I agree, I only explained that "mieszkać" is used in the meaning of "to reside" - also more official than "to live" but unambiguous In my opinion, Polish falls into the same category as German, French, Italian, etc., not English and Russian as per this topic, because this distinction between "exist" and "reside" is common in Polish. Ukrainian also uses a similar "мешкати" (to live, to reside) but it's not as common as "жити" (which is used fro both "to exist" and "to reside" as in Russian), IMHO. Correct me if I am wrong. The trend is perhaps to use more "мешкати", as Ukrainian is becoming increasingly _de-russified_.



> Ukrainian:
> *мешкати:*
> meaning and synonyms: жити, проживати, (у певному приміщенні); домувати, квартирувати


--
I misspelled "mieszkać" in my previous post, have corrected now.


----------



## PABLO DE SOTO

In Spanish we use *vivir* as in English for both existence and residence.
There are some other verbs ,used in formal situations for the idea of residence, like *habitar* or *residir* .


----------



## HistofEng

Similar to the Romance languages:

Haitian Creole (Kreyól):

*viv*: existence
*abite*: residence


However, '*viv*' can sometimes be used for residence. If I were speaking with a friend I hadn't spoken to in years, I would say:

_Ki kote w'ap *viv *kounye-la?_ (Where are you living now?)('abite' can also be used here)
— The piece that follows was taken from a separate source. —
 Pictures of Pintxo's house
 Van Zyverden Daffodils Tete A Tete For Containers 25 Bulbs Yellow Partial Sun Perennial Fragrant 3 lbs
If, however, I had to meet up with a coworker at his/her home, I would say:

_Ki kote ou *abite*?_ (Where do you live?)('viv' sounds very awkward in this situation)




Even in English, I think 'where are you living' sounds distinctly different from 'where do you live.'

If I were forced to form an analysis, I would say that '*viv*' (and the gerund 'living' for English) can be used in the first example because it is more akin to 'Where are you having your existence now' or 'where is the place of your existence'. On the other hand, '*abite*' has more proximate connotations.


Does that make any sense? Do any other languages work the same way?


----------



## kusurija

In Czech:
(residence) bydlet (bydlím v Praze; bydlím v podnájmu) But in special cases = as existence(rarely): e.g. "Kde to žiješ?!"
(existence) žít e.g. Jak si žiješ? (How do you do?)

In Lithuanian:
(doesn't distinguish: residence=existence) gyventi.


----------



## Flaminius

Anatoli said:


> The most common words in Chinese and Japanese distinguish the 2 notions (note that the main characters are the same too):
> (...)
> 
> *Japanese:*
> 住む (すむ - sumu) - to live (in a place)
> 生きる (いきる - ikiru) - to live, to exist
> 
> In Japanese 生活 (せいかつ - seikatsu), which is the same as the Chinese 生活 (shēnghuó) is only used as a noun, not a verb.


I am not sure with the semantic demarcation in Chinese but Japanese has at least three separate concepts that correspond to the English _live_.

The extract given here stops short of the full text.